[Opening Data extract section]

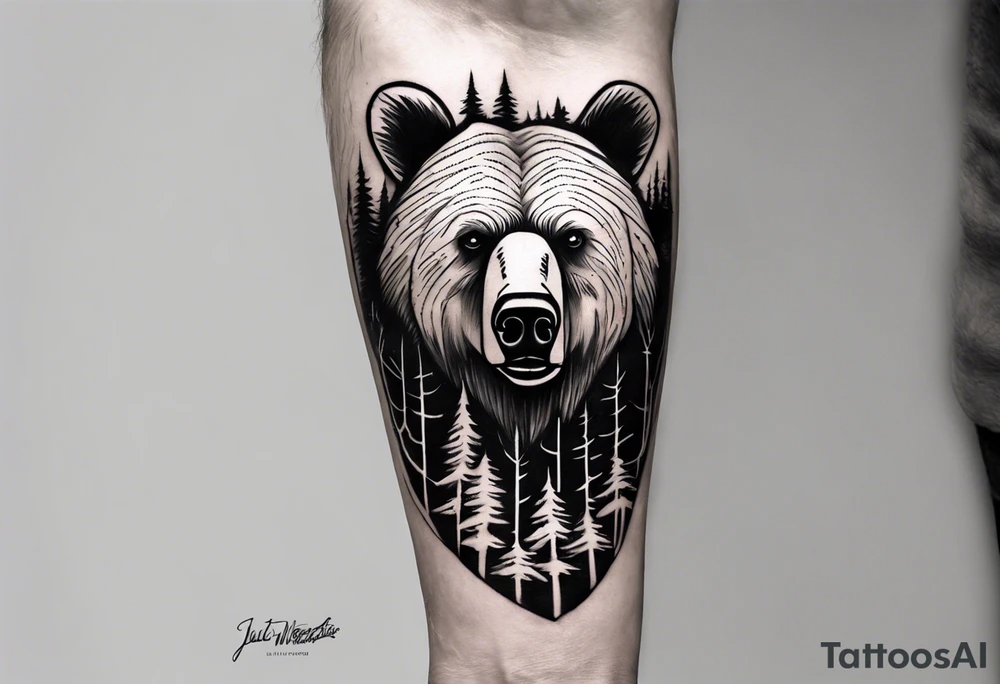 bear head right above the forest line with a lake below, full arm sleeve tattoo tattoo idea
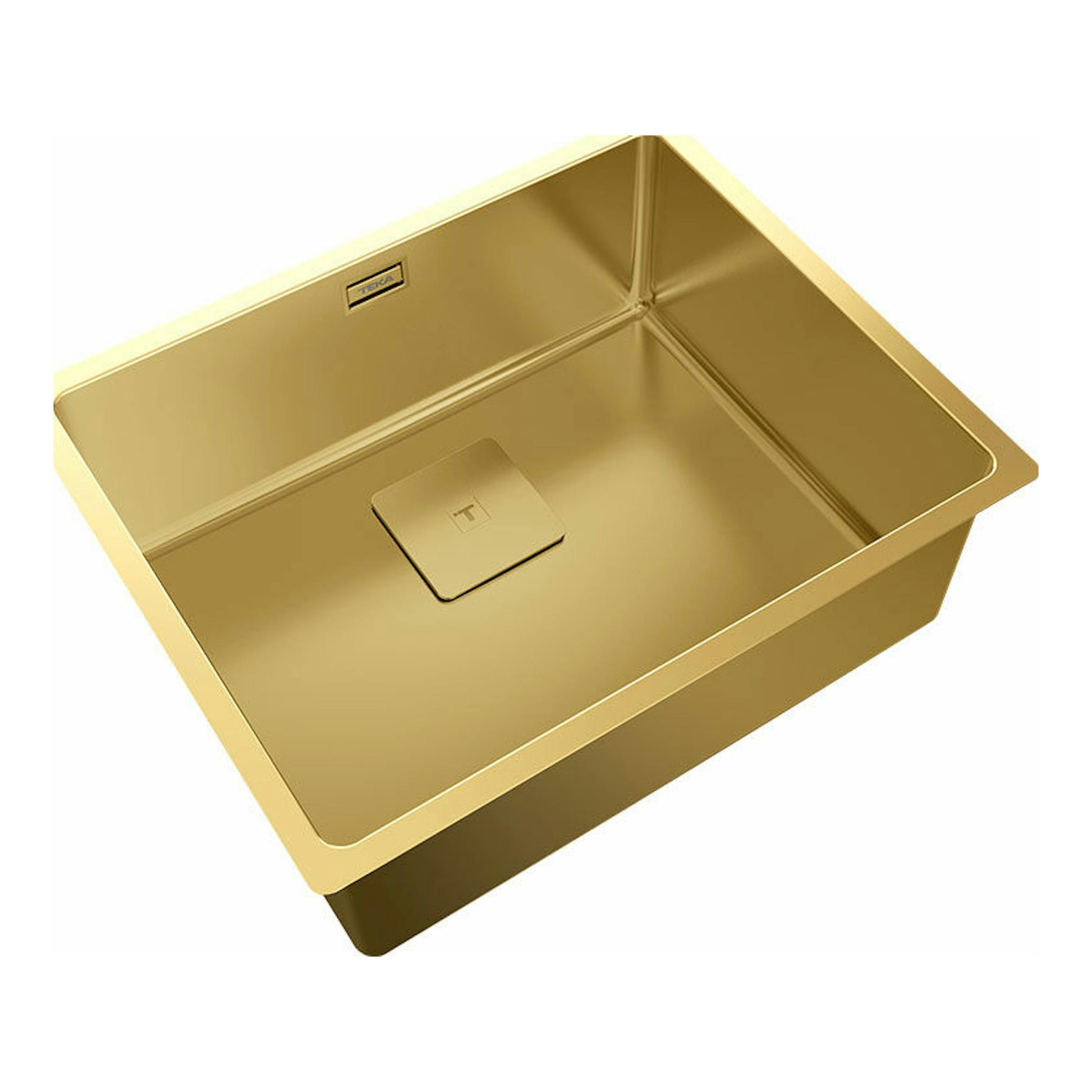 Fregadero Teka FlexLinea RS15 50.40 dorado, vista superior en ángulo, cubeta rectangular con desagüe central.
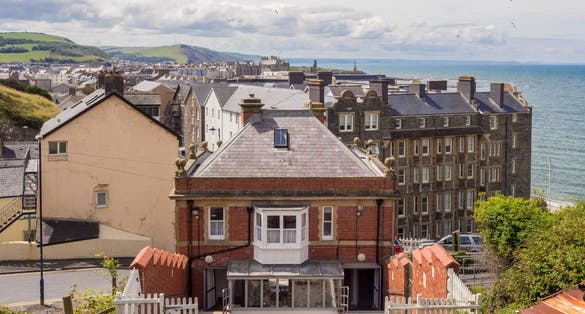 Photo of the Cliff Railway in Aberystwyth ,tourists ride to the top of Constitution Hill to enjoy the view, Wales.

[Closing Data extract section]

▶ _Directions_: What you return must match, line for line, the span from the line containing "Fregadero Teka FlexLinea" through the last line of the listing above, with every picture omitted.

▶ _Solution below_:
 Fregadero Teka FlexLinea RS15 50.40 dorado, vista superior en ángulo, cubeta rectangular con desagüe central.
 Photo of the Cliff Railway in Aberystwyth ,tourists ride to the top of Constitution Hill to enjoy the view, Wales.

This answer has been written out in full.